Sixty older patients (60 years-old or more) followed by the public primary health care, who filled all inclusion criteria, were invited to participate: one to eight years of formal education, hypertension in regular treatment, no evidence of secondary hypertension, in use of more than four medications per day, no use of medications that could interfere on BP control, no cognitive deficits (Mini-Mental State Examination with score higher than 24 points)7 and independents (Barthel Index with score of 20 points)8. This study was performed in accordance with the Declaration of Helsinki (1989) and approved by the local Human Research Ethics Committee. Informed consent was obtained from each volunteer.

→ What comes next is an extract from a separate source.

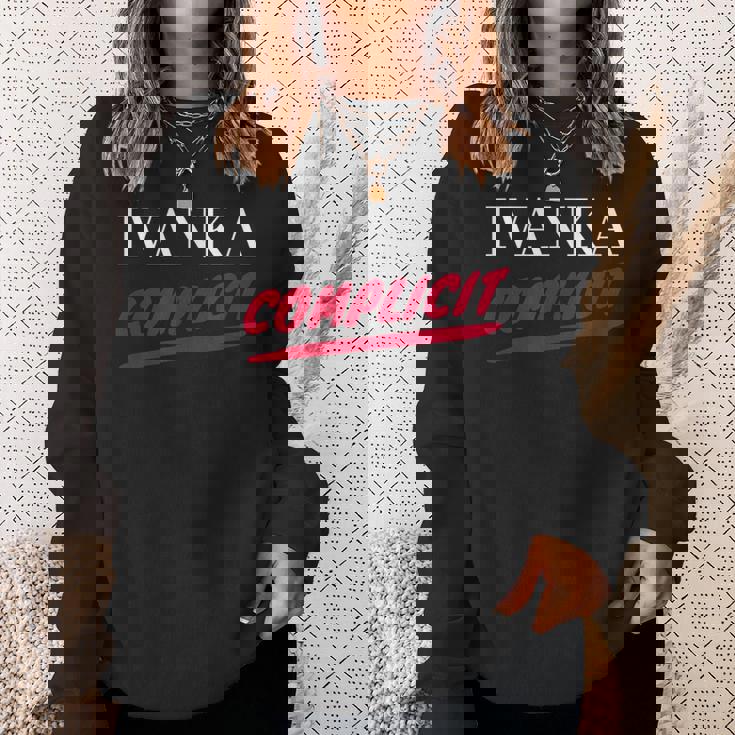 Ivanka Complicit スウェットシャツ 彼女への贈り物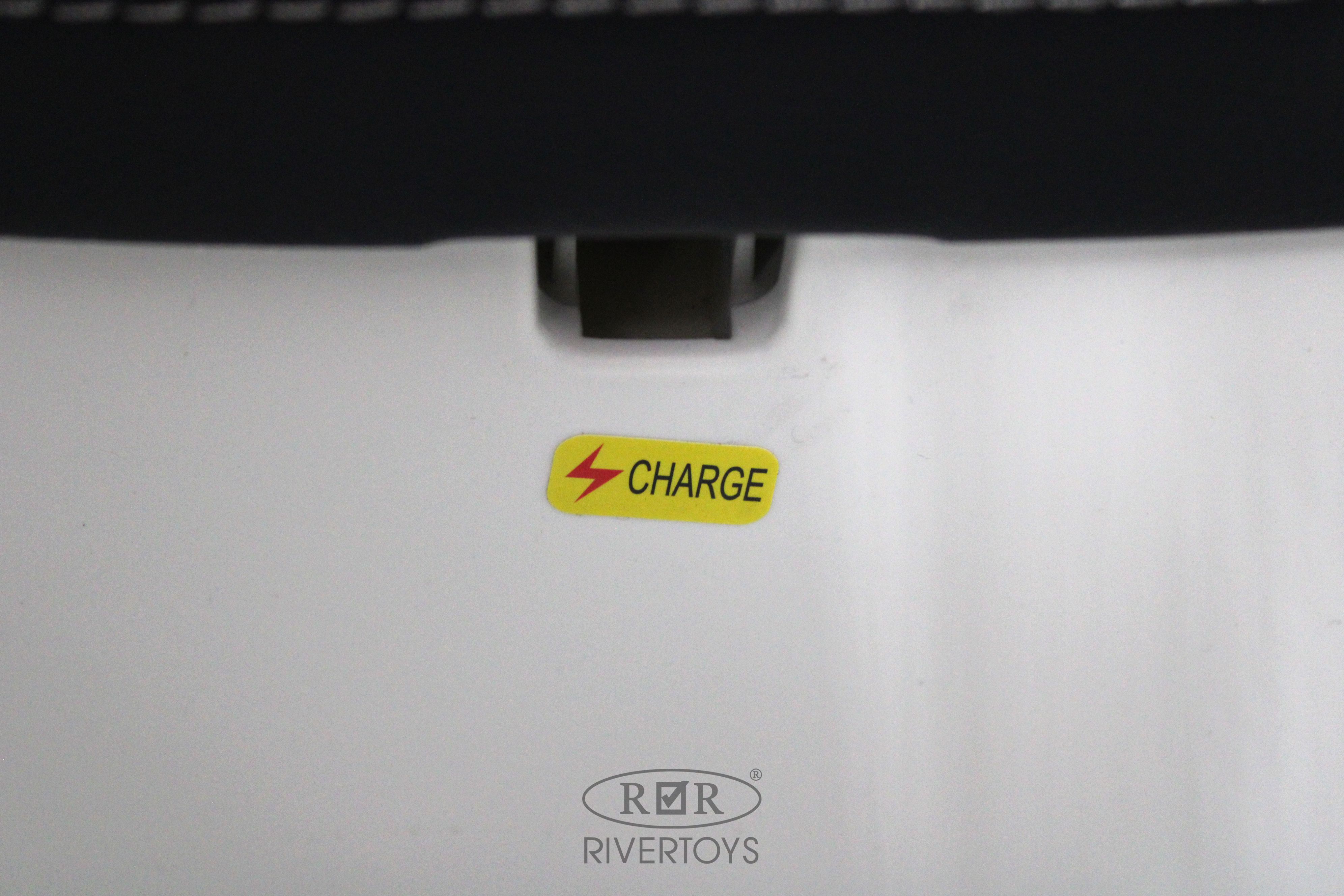 Электромобиль RIVERTOYS Y999YY-WHITE С пультом ДУ - фото 13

An oral questionnaire was applied by a trained nurse to collect information about the duration of disease, number of medications in use, knowledge about hypertension risks, difficulties to obtain the medications, problems to take them in a regular way, including side effects and the prescription perception. Alcohol consumption, cigarette smoking, salt intake, and physical activity were also evaluated.

BP was measured three times in the office by a trained nurse, in the seated position9. After one week, this procedure was repeated. Volunteers were also submitted to one ambulatory blood pressure monitoring (ABPM, Spacelabs 90207, Redmond, Washington, USA) and were considered controlled when the mean BP, during the period of awake, was lower than 135/85 mmHg10. When awake ABPM was controlled and Office BP was equal or higher 140x90 mmHg, the patient was classified as having the white coat effect. When the Office BP was lower than 140x90 mmHg and awake ABPM was equal or higher 135/85 mmH, the patient was classified as having false control.

A 12-hour fasting blood sample was drawn for the determination of plasma glucose, total cholesterol, HDL-cholesterol, triglycerides, creatinine, and potassium concentrations.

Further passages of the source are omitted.